┌──

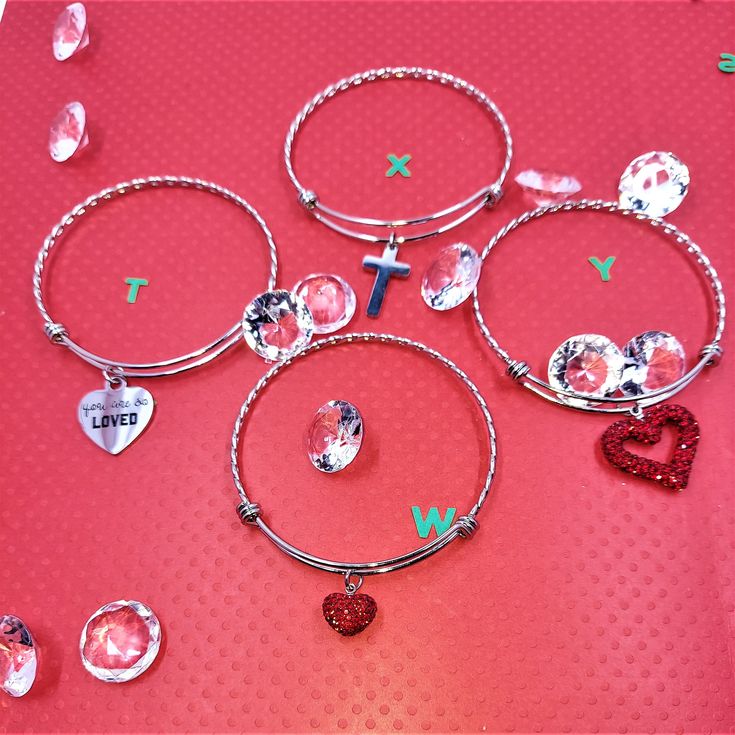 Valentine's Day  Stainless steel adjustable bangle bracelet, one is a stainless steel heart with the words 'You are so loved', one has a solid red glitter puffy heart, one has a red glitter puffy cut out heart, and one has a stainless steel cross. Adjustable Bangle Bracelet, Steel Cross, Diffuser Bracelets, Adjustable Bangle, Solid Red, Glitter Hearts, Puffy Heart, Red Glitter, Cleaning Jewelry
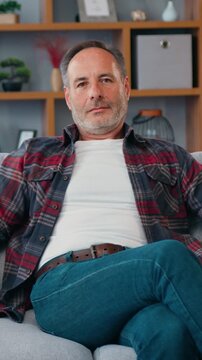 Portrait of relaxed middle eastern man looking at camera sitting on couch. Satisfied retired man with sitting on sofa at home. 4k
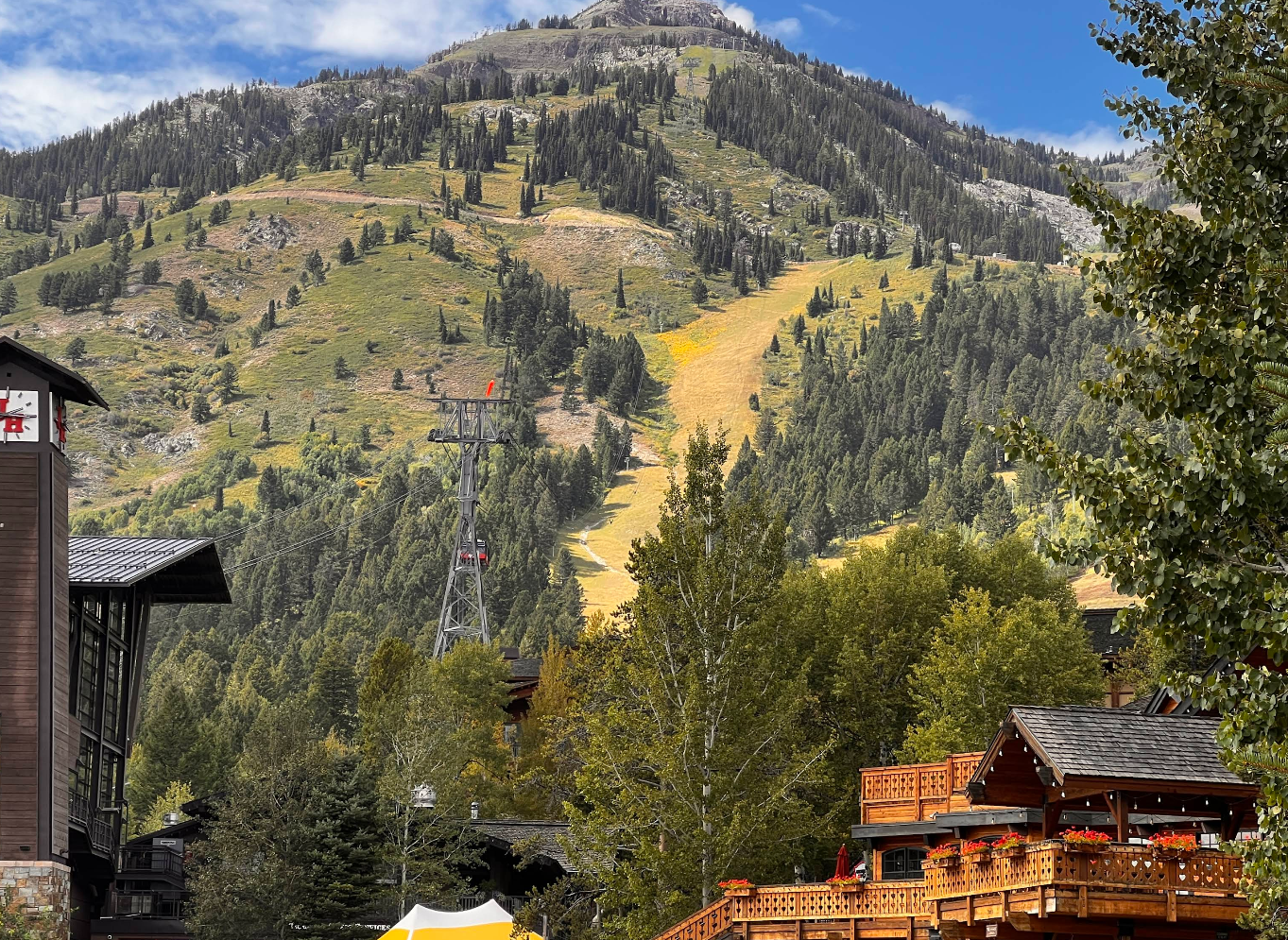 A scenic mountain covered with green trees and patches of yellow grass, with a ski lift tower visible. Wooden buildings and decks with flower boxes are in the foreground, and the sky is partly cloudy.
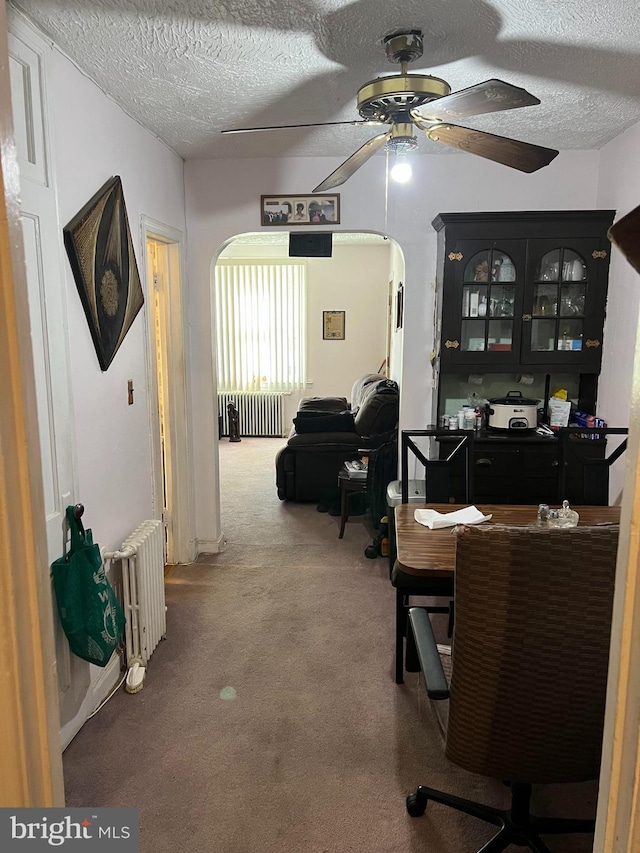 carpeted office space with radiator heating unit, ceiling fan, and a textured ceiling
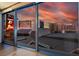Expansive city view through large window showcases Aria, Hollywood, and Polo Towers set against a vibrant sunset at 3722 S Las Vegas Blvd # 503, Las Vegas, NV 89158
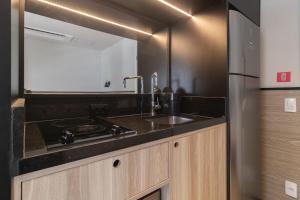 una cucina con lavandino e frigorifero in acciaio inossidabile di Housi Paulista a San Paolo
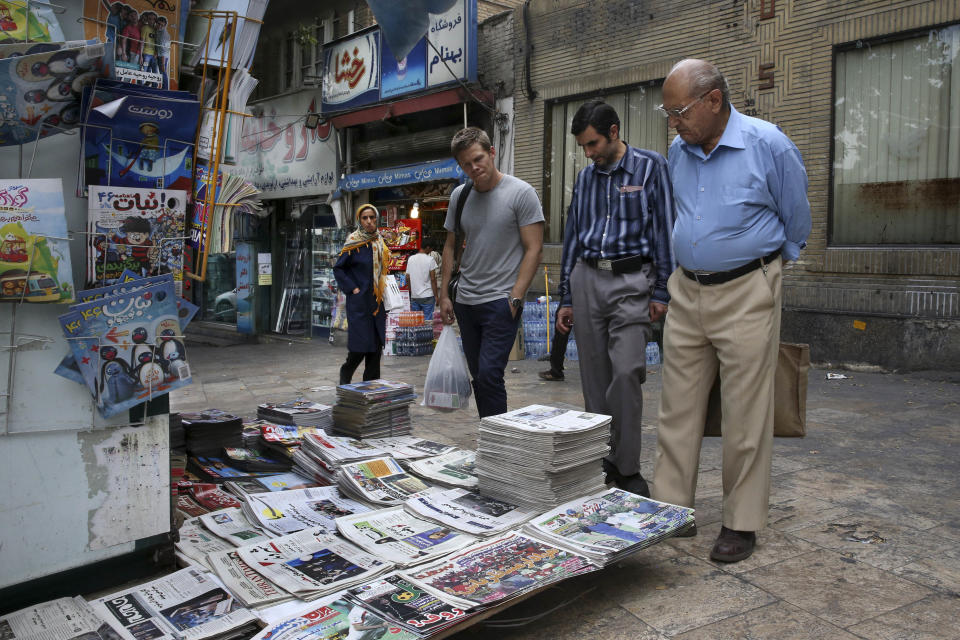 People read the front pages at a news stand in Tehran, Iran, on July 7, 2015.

└──

Pictures are to be omitted; otherwise, write out the data exactly as it appears.

Your solution ▸
 Valentine's Day  Stainless steel adjustable bangle bracelet, one is a stainless steel heart with the words 'You are so loved', one has a solid red glitter puffy heart, one has a red glitter puffy cut out heart, and one has a stainless steel cross. Adjustable Bangle Bracelet, Steel Cross, Diffuser Bracelets, Adjustable Bangle, Solid Red, Glitter Hearts, Puffy Heart, Red Glitter, Cleaning Jewelry
 Portrait of relaxed middle eastern man looking at camera sitting on couch. Satisfied retired man with sitting on sofa at home. 4k
 A scenic mountain covered with green trees and patches of yellow grass, with a ski lift tower visible. Wooden buildings and decks with flower boxes are in the foreground, and the sky is partly cloudy.
 carpeted office space with radiator heating unit, ceiling fan, and a textured ceiling
Expansive city view through large window showcases Aria, Hollywood, and Polo Towers set against a vibrant sunset at 3722 S Las Vegas Blvd # 503, Las Vegas, NV 89158
 una cucina con lavandino e frigorifero in acciaio inossidabile di Housi Paulista a San Paolo
 People read the front pages at a news stand in Tehran, Iran, on July 7, 2015.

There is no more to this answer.